The observed improvement in HbA1c values over nine months period in the current study confirms the value of the role that could be played by clinical pharmacists in the care of diabetic patients in collaboration with healthcare providers to offer the best care for those patients. The integration between practices of both clinical pharmacists and physicians has been proven to produce a positive impact on patient care in other settings as well [13].

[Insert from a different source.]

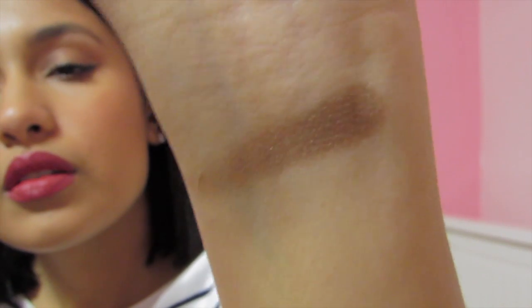The next color I have is what I have all over my lids — I don't think you can really tell — but it's called Pretentious. It's a nice deep gold color, a deep brownish gold color if you know what I'm saying. It's a nice fall color. I like it a lot.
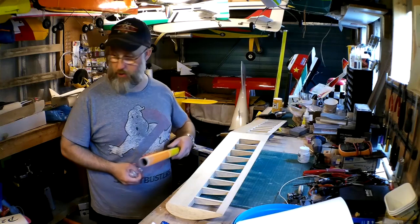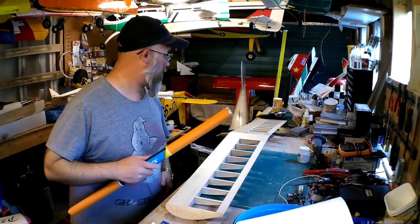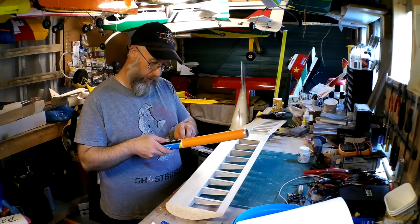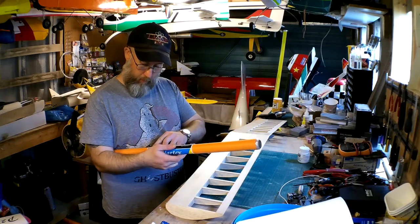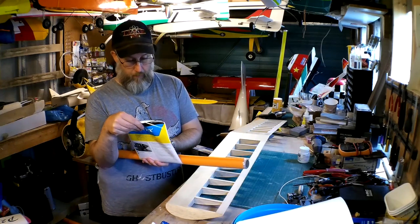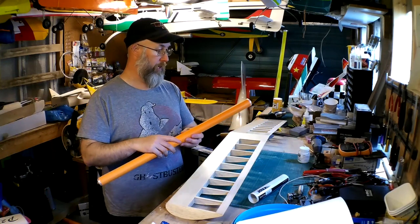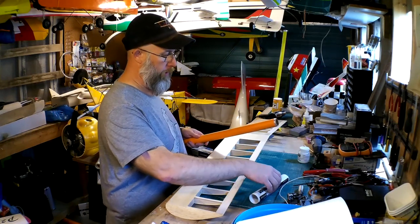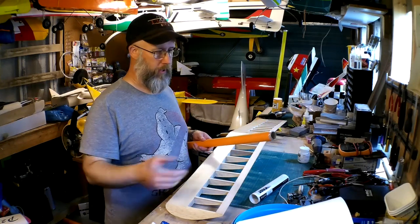I'm hoping I've got enough Solatex to do both the models. Because of the prices — the company Solofilm is going out of business, they're closing their doors — the price has gone up and availability has gone down. So I'm hoping I've got enough before I have to go and fork out for more. Two models, four colours, two in each model — I'm hoping I've got enough.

Fink et al. revealed numerous differences between the practices of clinical pharmacists and usual care in managing patients with uncontrolled T2DM. One of which is that clinical pharmacists were more likely to prescribe a non-insulin medication and start newer antihyperglycemic drugs than usual care. Furthermore, clinical pharmacists are less likely to have no medication changes at all compared to usual care [14]. The difference in prescribing patterns between clinical pharmacists and usual care could be explained by the nature of the clinical visits and the type of the provider of care. Moreover, patients cared for by a physician may receive care from different providers at each visit compared to clinical pharmacist clinics. 

Clinical inertia is a term used to describe “the lack of treatment intensification despite not meeting glycemic goals” in the management of diabetes [15,16]. It has been documented that clinical pharmacists were more likely than usual care providers to intensify treatment [15]. Clinical pharmacists are adequately trained in various aspects of drug management, including clinical use and adverse effects [17,18]. It has been observed that intensification of therapy might reduce intervals of uncontrolled hyperglycemia and decrease the risk of diabetes-linked complications [8]. Furthermore, it has been reported that clinical pharmacists were more likely than usual care providers to follow evidence-based practices and reduce drug-related problems [10,14,19].

Although pharmacists’ involvement in clinical settings can produce better outcomes, it is imperative to emphasize that challenges exist in applying this model of care. Such challenges include poor documentation of patient history and medical information, preconceived notions of patients regarding specific drugs such as insulin, and drug shortages, especially for newer antihyperglycemic agents. This hinders the pharmacist’s efforts to start and maintain patients on newer therapies such as SGLT-2 inhibitors, GLP-1 receptor agonists and insulin. 

Limitations of the study

Although the findings of this study are consistent with findings of other similar studies, it is a single-center study which can impact the external validity of its findings. Furthermore, the small sample size is typical of pharmacists’ clinics due to the nature and scope of the practice as pharmacists provide care for selected patients with diabetes compared to physicians. Care by other healthcare providers, such as dietitians and social workers within the diabetes center or externally may influence the outcome of care in both groups. Adherence to medications prescribed by the diabetes center or other external providers could not be included in the present study due to information unavailability as patients may see other external providers during the study span of nine months. Moreover, pharmacy and refill records of prescriptions are not available for inclusion in the present study. 


The multidisciplinary collaborative care involving pharmacists achieved superior diabetes outcomes for patients with type 2 diabetes. Involving pharmacists resulted in a significant HbA1c reduction within nine months. Moreover, pharmacists’ care helped optimize therapeutic outcomes and decreased the frequency of hypoglycemia.